WHAT TO PRODUCE =
In this exercise, retype exactly and only the lines from the top of the entries below through the line that holds "Celcold - Gelato Pan Holder - CF1-GPH", omitting pictures.

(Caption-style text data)
== Segment start ==

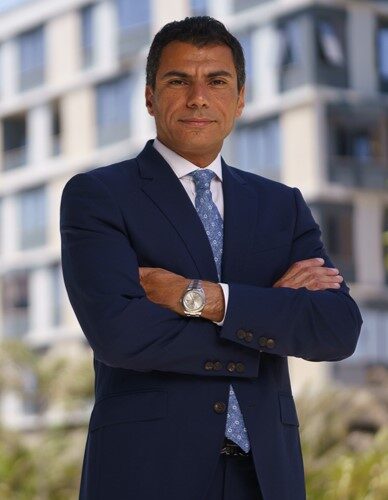 %d8%b3%d9%88%d8%af%d9%8a%d9%83-%d8%aa%d8%b1%d8%b3%d9%85-%d9%85%d9%84%d8%a7%d9%85%d8%ad-%d9%86%d9%85%d9%88%d8%b0%d8%ac-%d9%86%d9%85%d9%88-%d9%85%d8%b3%d8%aa%d8%af%d8%a7%d9%85-%d9%81%d9%8a-%d8%a7%d9%84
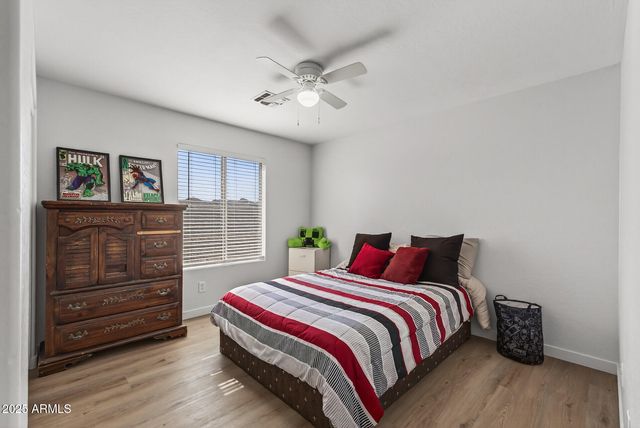 18132 W CARDINAL Drive, Goodyear, AZ 85338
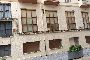 Almansa, Albacete-n kokatutako lokal komertziala 2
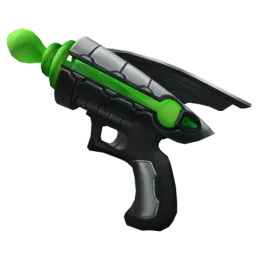 Raygun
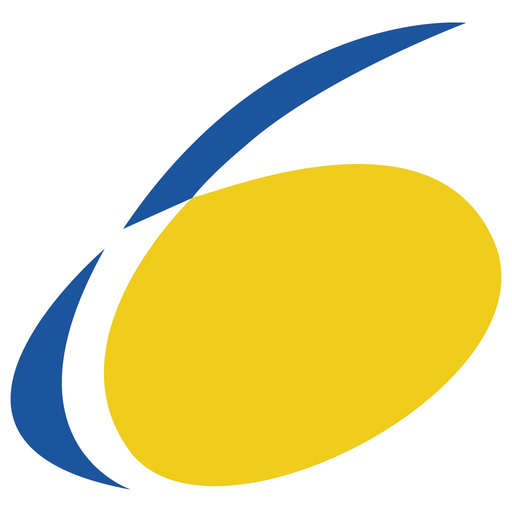 Confiança - Portal do Agente app icon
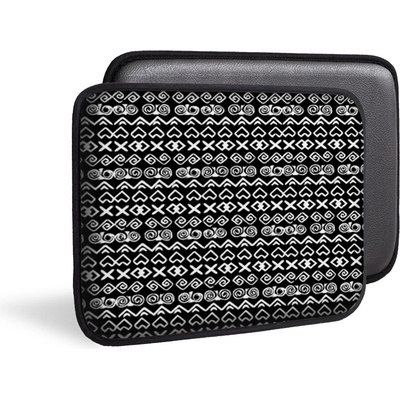 Dynasit FAN PLUS Čičmany 400 x 300 x 30 mm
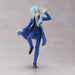 Banpresto Rimuru Tempest Figure - 10th Anniversary Edition from Reincarnated As A Slime- Japan Figure Store - #1 Bring To You The Best Japanese Goods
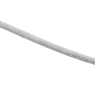 DIN3060 D5 ПВХ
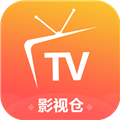 影视仓APP(TVbox魔改版) 最新版v4.0.32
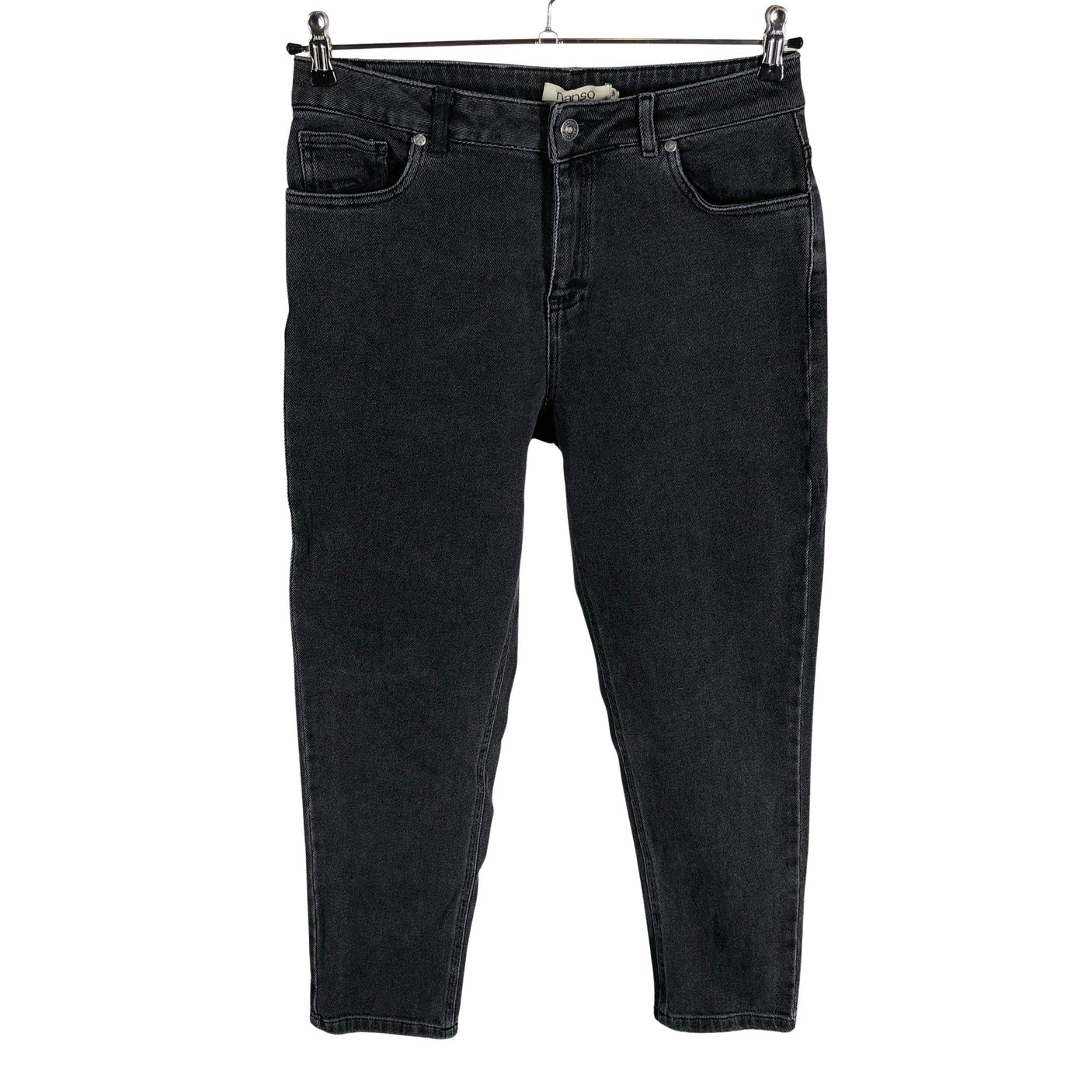 Unisex Nanso - Farkut, koko 38 - (1)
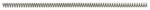 browning recoil spring voor browning buckmark.jpg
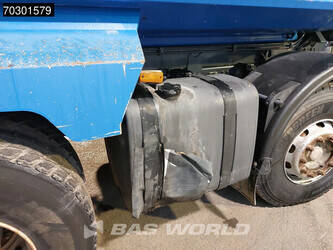 2010-renault-kerax-520-1391780-44121033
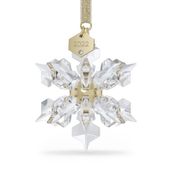 Swarovski 9009656260166 5626016 Ev Dekorasyonu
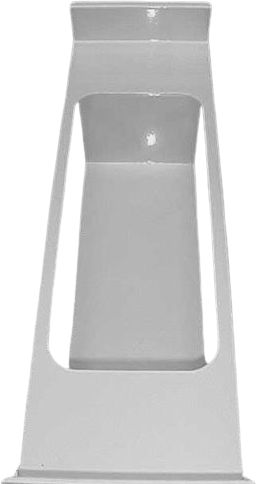 Celcold - Gelato Pan Holder - CF1-GPH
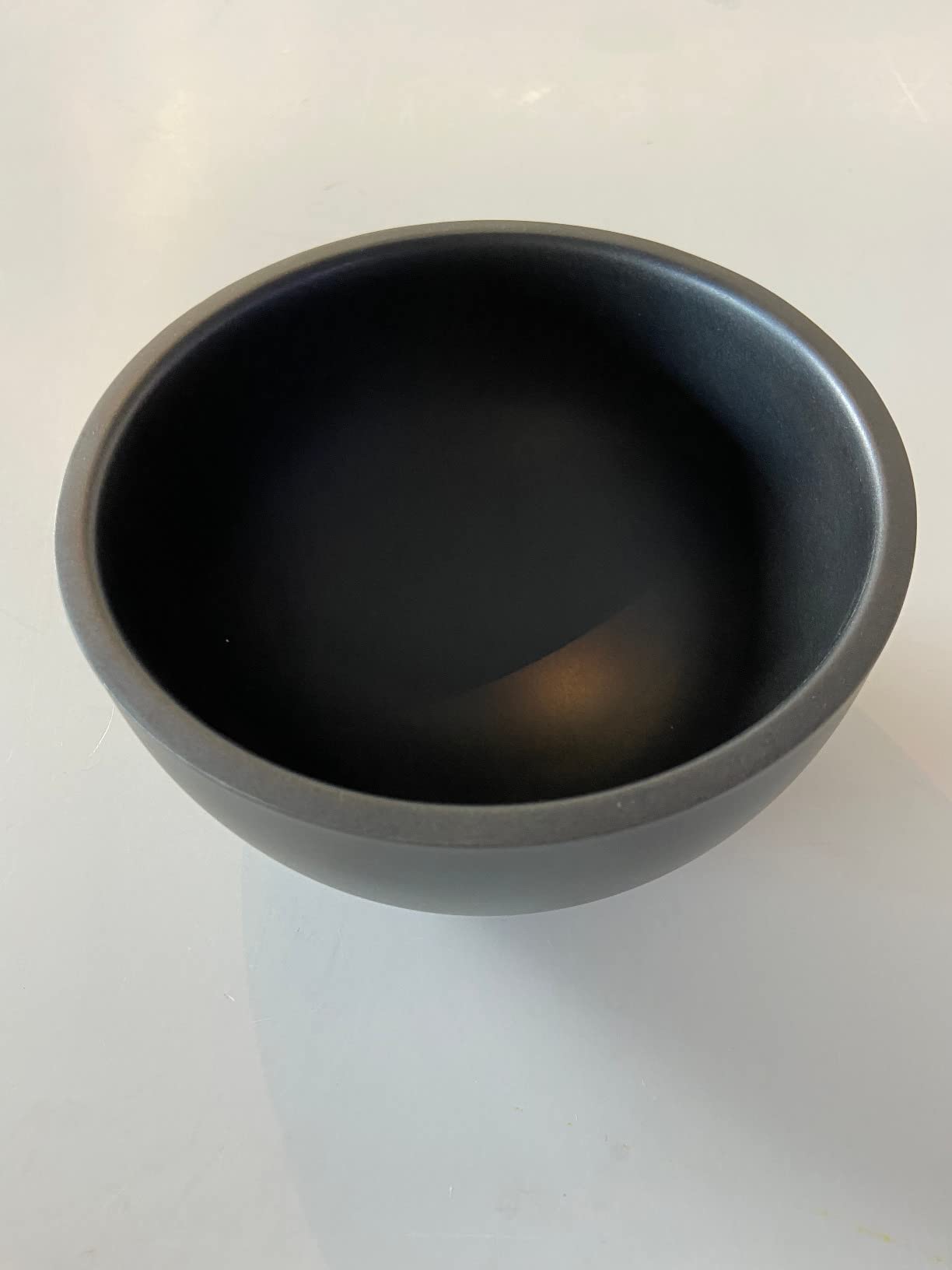 Edle Optik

== Segment end ==

RESULT FOR THIS TASK =
 %d8%b3%d9%88%d8%af%d9%8a%d9%83-%d8%aa%d8%b1%d8%b3%d9%85-%d9%85%d9%84%d8%a7%d9%85%d8%ad-%d9%86%d9%85%d9%88%d8%b0%d8%ac-%d9%86%d9%85%d9%88-%d9%85%d8%b3%d8%aa%d8%af%d8%a7%d9%85-%d9%81%d9%8a-%d8%a7%d9%84
 18132 W CARDINAL Drive, Goodyear, AZ 85338
 Almansa, Albacete-n kokatutako lokal komertziala 2
 Raygun
 Confiança - Portal do Agente app icon
 Dynasit FAN PLUS Čičmany 400 x 300 x 30 mm
 Banpresto Rimuru Tempest Figure - 10th Anniversary Edition from Reincarnated As A Slime- Japan Figure Store - #1 Bring To You The Best Japanese Goods
 DIN3060 D5 ПВХ
 影视仓APP(TVbox魔改版) 最新版v4.0.32
 Unisex Nanso - Farkut, koko 38 - (1)
 browning recoil spring voor browning buckmark.jpg
 2010-renault-kerax-520-1391780-44121033
 Swarovski 9009656260166 5626016 Ev Dekorasyonu
 Celcold - Gelato Pan Holder - CF1-GPH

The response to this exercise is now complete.